[[ SOURCE DATA, beginning ]]

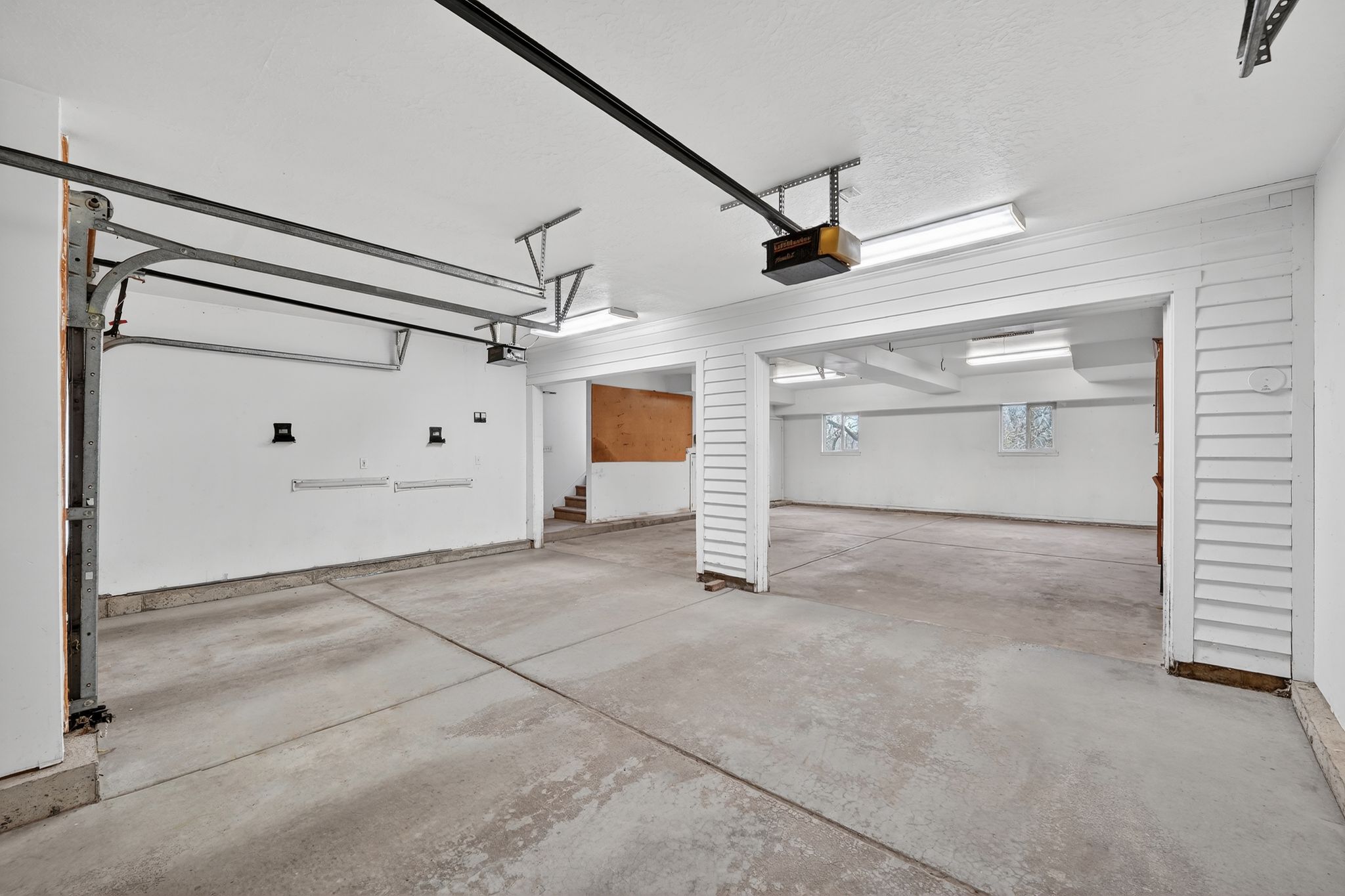 Garage featuring a garage door opener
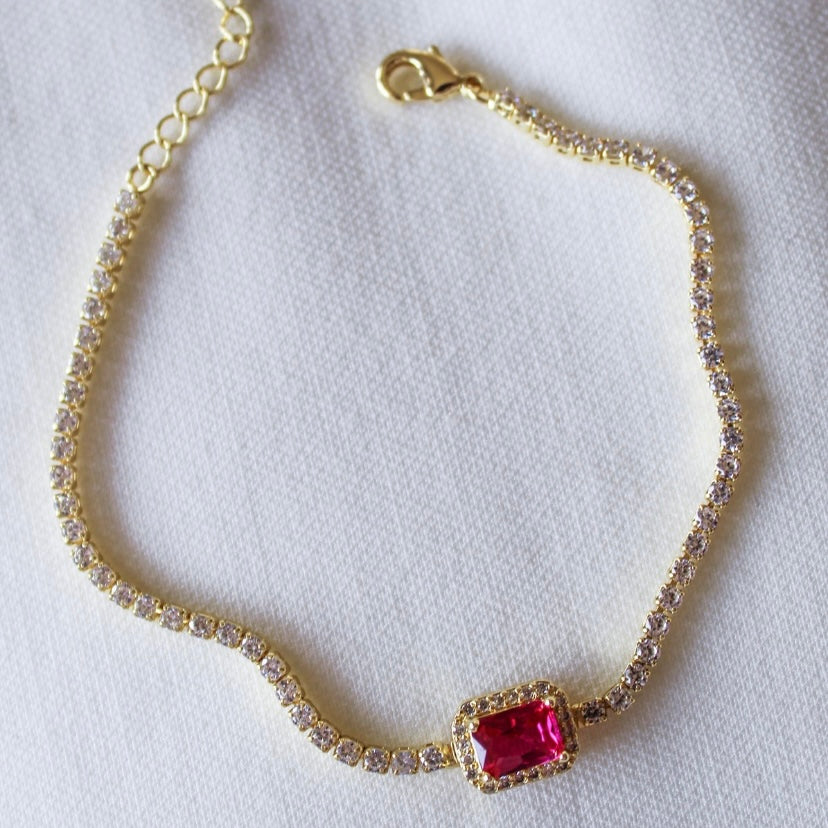 The Lara Bracelet - Fuchsia by Kinsey Designs Archives features gold-filled links, shimmering cubic zirconia accents, and a rectangular fuchsia centerpiece. Displayed on white fabric, it includes an 8" chain for a perfect fit.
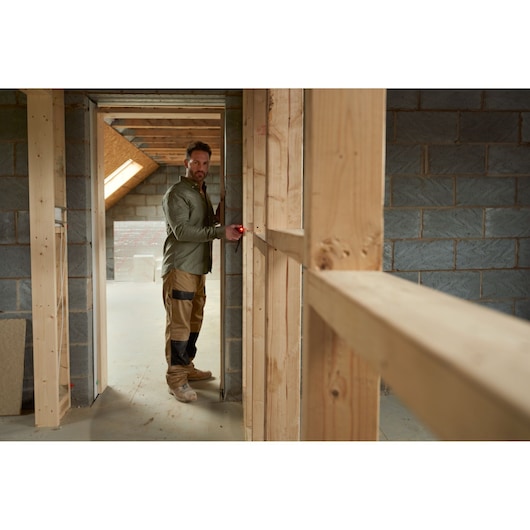 Photo of STANLEY FMHT77165-0 laser distance measurer used by worker in unfinished building.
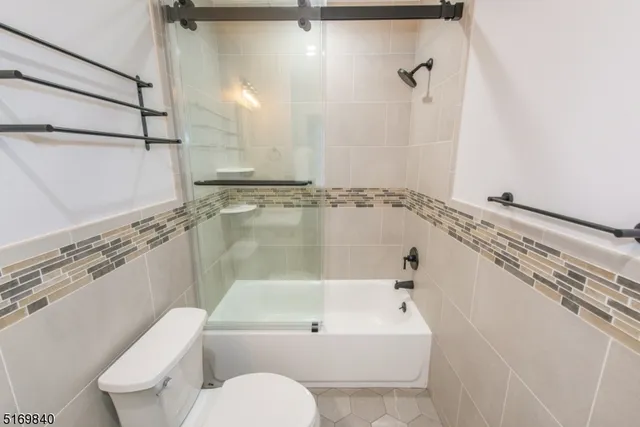 a bathroom with a shower a toilet and sink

[[ SOURCE DATA, end ]]

## EXERCISE OBJECTIVE
The answer should match the material exactly, with every picture removed.

## FINISHED TASK
 Garage featuring a garage door opener
 The Lara Bracelet - Fuchsia by Kinsey Designs Archives features gold-filled links, shimmering cubic zirconia accents, and a rectangular fuchsia centerpiece. Displayed on white fabric, it includes an 8" chain for a perfect fit.
 Photo of STANLEY FMHT77165-0 laser distance measurer used by worker in unfinished building.
 a bathroom with a shower a toilet and sink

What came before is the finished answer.